To get started you need feedjii.jar, which you’ll find under downloads, and the timingframework which you’ll find here.

feedjii-source.jar contains the source code, the java doc is not completely up to date yet.

This is an example of how easy it is to use:

JPanel panel = new JPanel();

// populate the panel with child elements

JKineticScrolling scrolling = new JKineticScrolling(panel, JKineticScrolling.Direction.VERTICAL);
scrolling.setAnimationTime(1300);
scrolling.setSpeed(0.5f);

frame.add(scrolling);

Enjoy!

Comments on our presentation

We got a lot of questions and positiv feedback on our presentation and we are very thankful for that. There were also two persons who pointed out, what they believed was, mistakes/errors in our presentation. This post is about those errors.

First of all one person told us that when we draw our component in the paintComponent() method we must consider the space that the border will use. If the border uses five pixels on the edges then we cannot paint anything on those 5 pixels. Yes that’s understood and maybe we should have said it but our goal is to make the code, in the presentation, easy to understand and that’s why we didn’t include it.

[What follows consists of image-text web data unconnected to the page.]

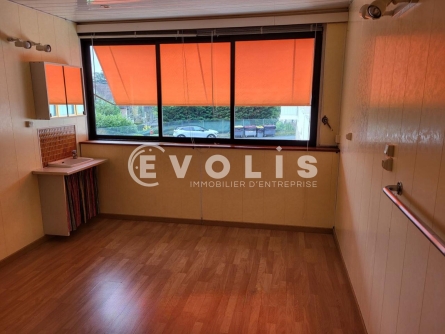 Photo 4 – location bureaux	PALAISEAU (91120)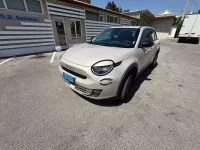 Usata Fiat 600 101 CV (74 kW) 2025 SUV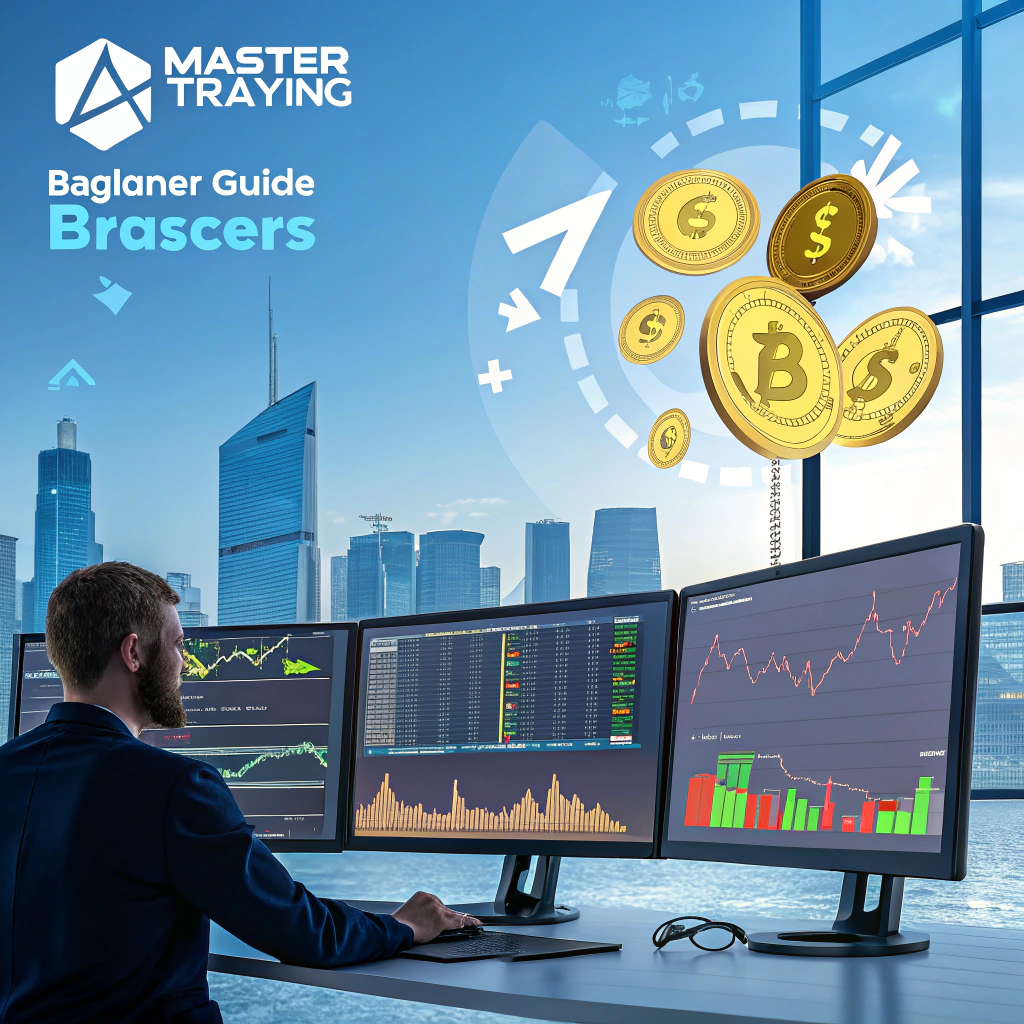how to trade crypto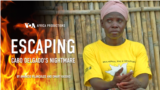 Escaping Cabo Delgado's Nightmare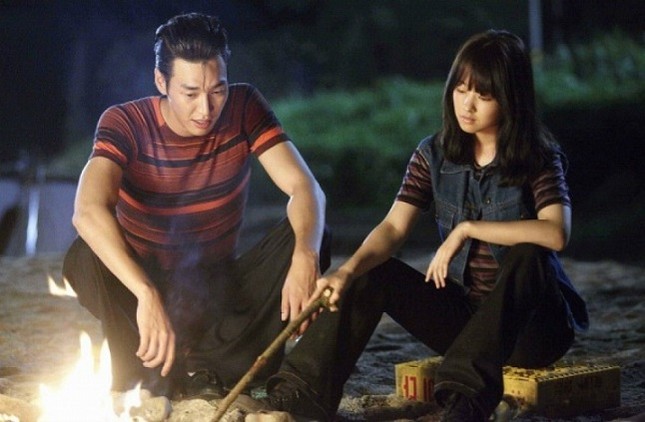 “Cô nàng mạnh mẽ” Park Bo Young nhớ về crush cũ trong quá trình quay phim điện ảnh mới ảnh 3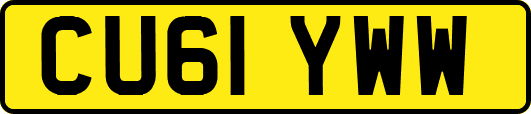 CU61YWW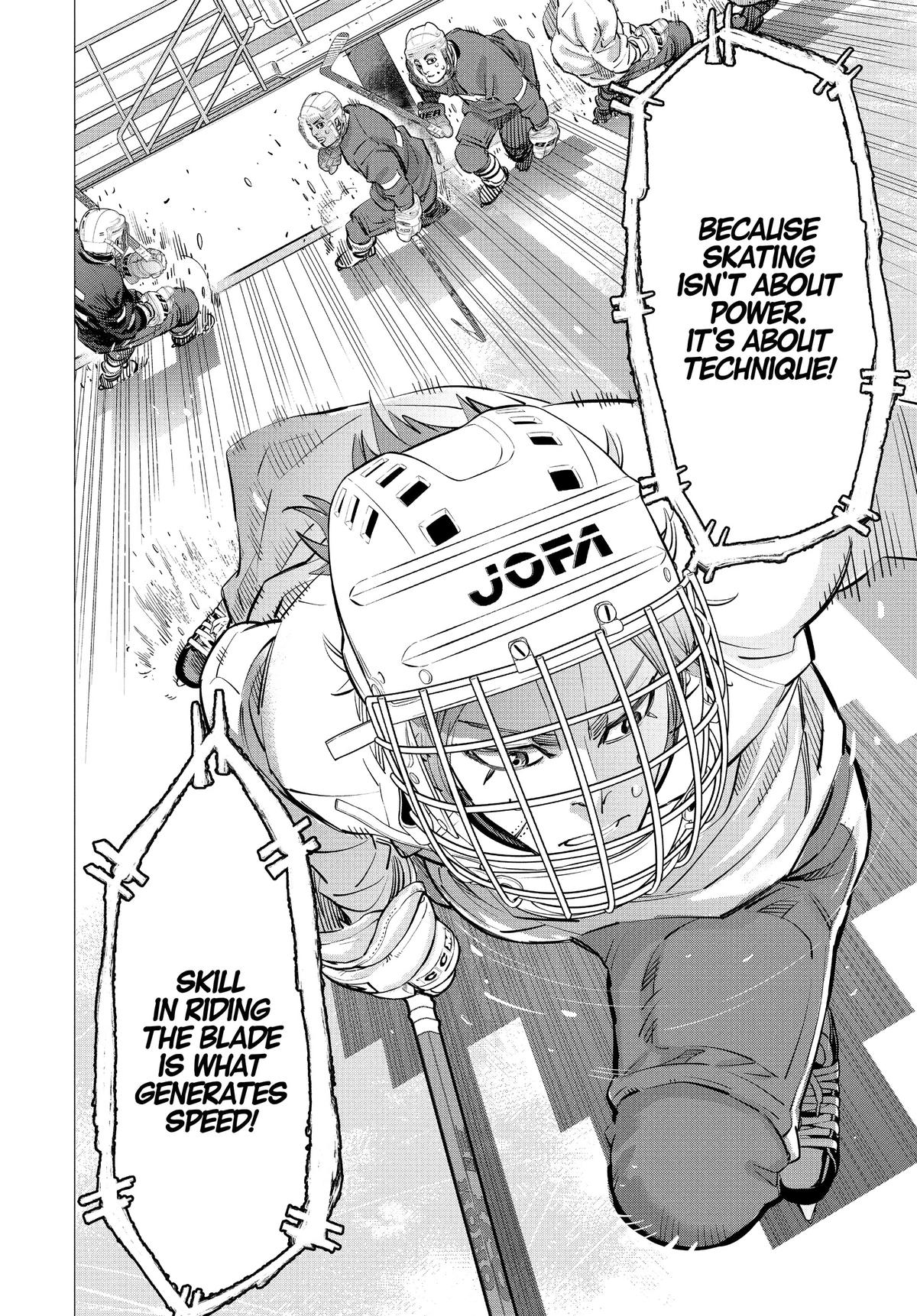 Dogsred Chapter 21 16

Secondly someone told us that when we change the location of the component in the Kinetic Scrolling code we shouldn’t do it directly but instead do it later, probably by using SwingUtilities.invokeLater(). The reason was that every time we changed the location of the component events will be fired and the source of those events will be our KineticScrolling component. I don’t understand what’s wrong with that? I believe that the KineticScrolling component should be what caused the event and nothing else, At least as long as we are running on the EDT. I’m going to investigate this further and let you know what the right way is.